On August 12, 2014, the Company and Computershare Trust Company, N.A. (the “Rights Agent”) entered into Amendment No. 1 to Rights Agreement (the “Amendment”) to amend that certain Rights Agreement dated as of July 29, 2011, by and between the Company and the Rights Agent (the “Rights Agreement”). The Amendment accelerated the scheduled expiration of the common stock purchase rights under the Rights Agreement (the “Rights”) from 5:00 p.m. (Eastern time) on July 29, 2021 to 8:00 p.m. (Eastern time) on August 12, 2014, effectively terminating the Rights Agreement as of that time on that date, to make available sufficient shares of Common Stock to facilitate a private placement.

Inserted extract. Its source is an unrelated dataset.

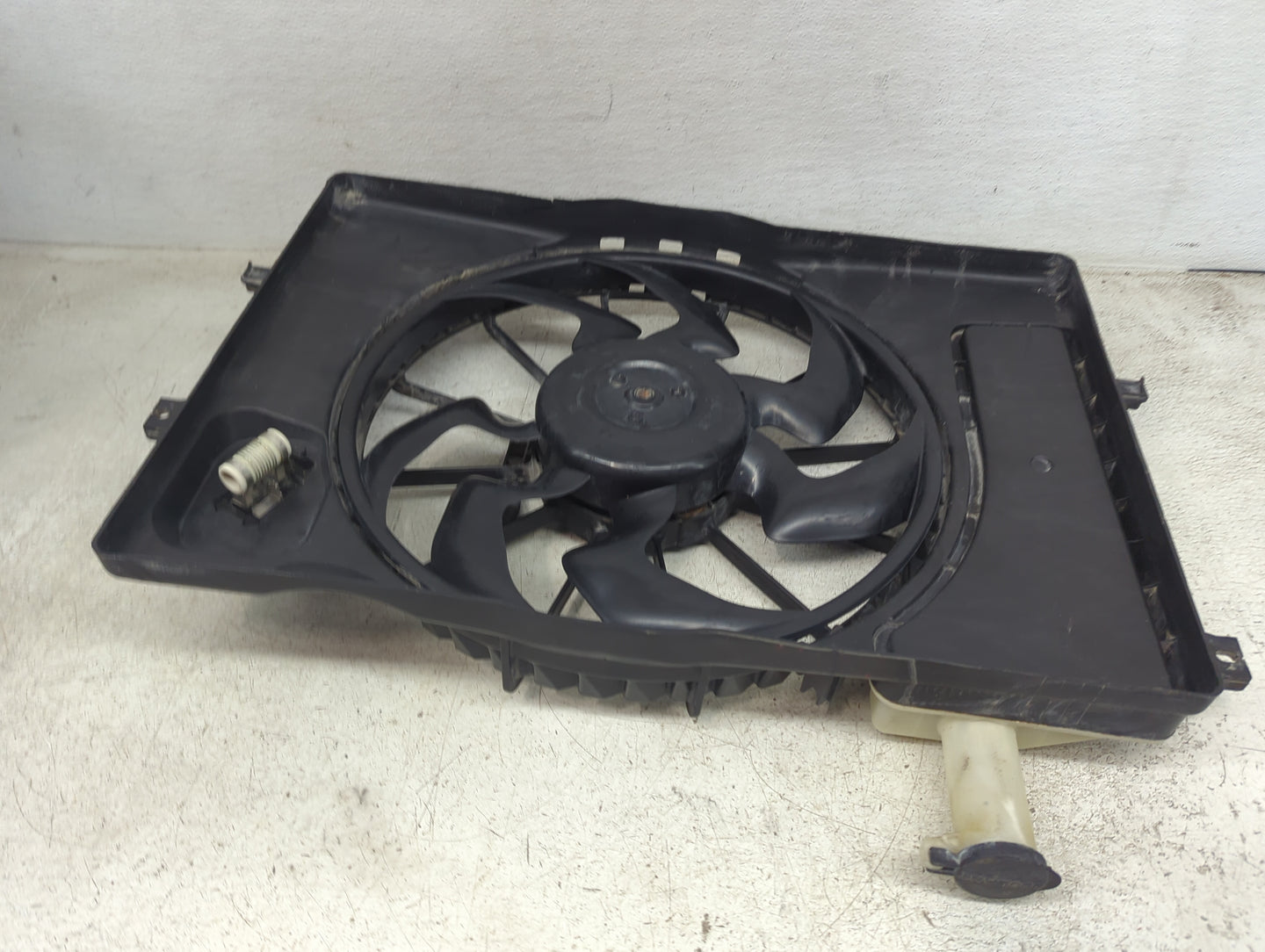 2017-2018 Hyundai Elantra Electric Radiator Cooling Fan Motor Assembly Fits Fits 2017 2018 OEM Used Auto Parts - Oemusedauto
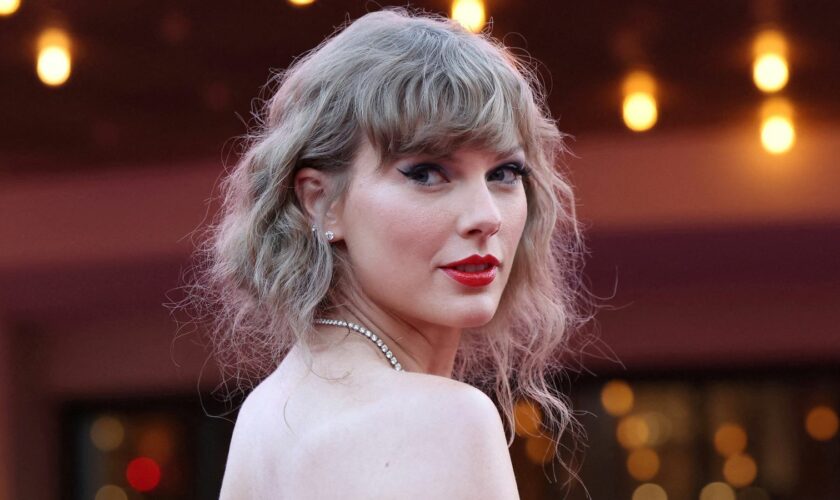 FILE PHOTO: Taylor Swift attends a premiere for Taylor Swift: The Eras Tour in Los Angeles, California, U.S., October 11, 2023. REUTERS/Mario Anzuoni/File Photo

All of the Rights distributed to the holders of the Common Stock expired, without the need for action by any of the holders, upon the termination of the Rights Agreement. The Common Stock was not affected by the termination of the Rights Agreement.

 

The foregoing description of the Amendment is a summary and is qualified in its entirety by reference to the Amendment, a copy of which is attached hereto as Exhibit 4.1 and is incorporated herein by reference.

 

A copy of the Rights Agreement as originally executed is attached as Exhibit 4.1 to the Current Report on Form 8-K filed by the Company on August 2, 2011 and is incorporated herein by reference.

 

Item 1.02. Termination of a Material Definitive Agreement.

 

The information under “Amendment to Rights Agreement” set forth in Item 1.01 of this Current Report on Form 8-K is incorporated in this Item 1.02 by reference.

 

Item 3.02. Unregistered Sales of Equity Securities.

 

The information under “Common Stock Purchase Agreement” set forth in Item 1.01 of this Current Report is incorporated in this Item 3.02 by reference.

 

Item 3.03. Material Modification to Rights of Security Holders.

 

The information under “Amendment to Rights Agreement” set forth in Item 1.01 of this Current Report on Form 8-K is incorporated in this Item 3.03 by reference.

 

Item 8.01. Other Events.

 

On August 14, 2014, the Company issued a press release in connection with the agreement and actions described in this Current Report on Form 8-K. A copy of the press release is attached hereto as Exhibit 99.1 and is incorporated herein by reference.

 

Item 9.01. Financial Statements and Exhibits.

 

(d) Exhibits

 

Exhibit 4.1 – Amendment No. 1 to Rights Agreement, dated as of August 12, 2014, by and between Interphase Corporation and Computershare Trust Company, N.A., as Rights Agent.

 

Exhibit 10.1 – Common Stock Purchase Agreement, dated as of August 13, 2014, by and between Interphase Corporation and Hodges Small Cap Fund.

 

Exhibit 10.2 – Registration Rights Agreement, dated as of August 13, 2014, by and between Interphase Corporation and Hodges Small Cap Fund.

 

Exhibit 99.1 – Press Release issued by the Company dated August 14, 2014.

 

 

 
 

 

 

SIGNATURE

 

Pursuant to the requirements of the Securities Exchange Act of 1934, the registrant has duly caused this report to be signed on its behalf by the undersigned hereunto duly authorized.

 

 

 

Interphase Corporation

 

     

 

By:

/s/ Thomas N. Tipton, Jr.      

 

Date: August 18, 2014

Title: 

Chief Financial Officer, SecretaryVice President of Finance and Treasurer  

 

 

 

EXHIBIT INDEX

 

 

Exhibit 4.1

Amendment No. 1 to Rights Agreement, dated as of August 12, 2014, by and between Interphase Corporation and Computershare Trust Company, N.A., as Rights Agent.

 

 

Exhibit 10.1

Common Stock Purchase Agreement, dated as of August 13, 2014, by and between Interphase Corporation and Hodges Small Cap Fund.

 

 

Exhibit 10.2

Registration Rights Agreement, dated as of August 13, 2014, by and between Interphase Corporation and Hodges Small Cap Fund.